* **EXERCISE DESCRIPTION**:
With the pictures left out, return exactly the lines from the one containing "GA license plate CWW7236" through the end of the listing below.

* **RECORDED INFORMATION**:
== == ==

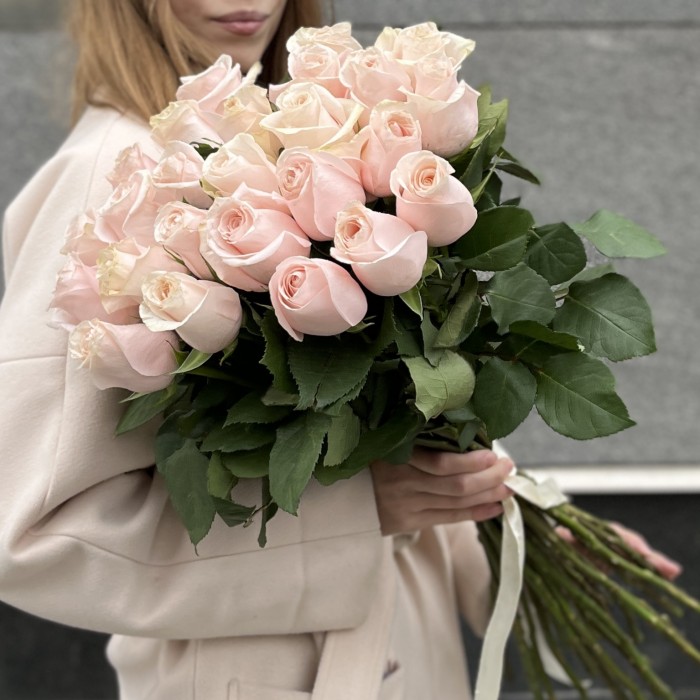 Нежно- розовая Помаросса 60 см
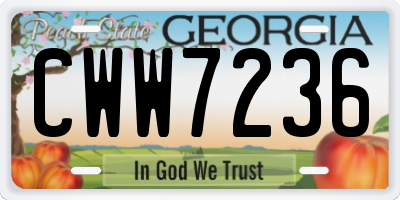 GA license plate CWW7236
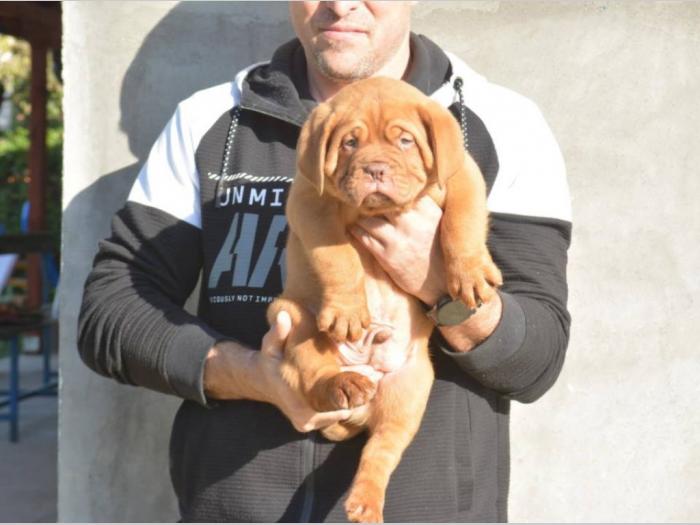 prvobirano muško štene bodroške doge besplatni mali oglasi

== == ==

* **RESPONSE BOX**:
 GA license plate CWW7236
 prvobirano muško štene bodroške doge besplatni mali oglasi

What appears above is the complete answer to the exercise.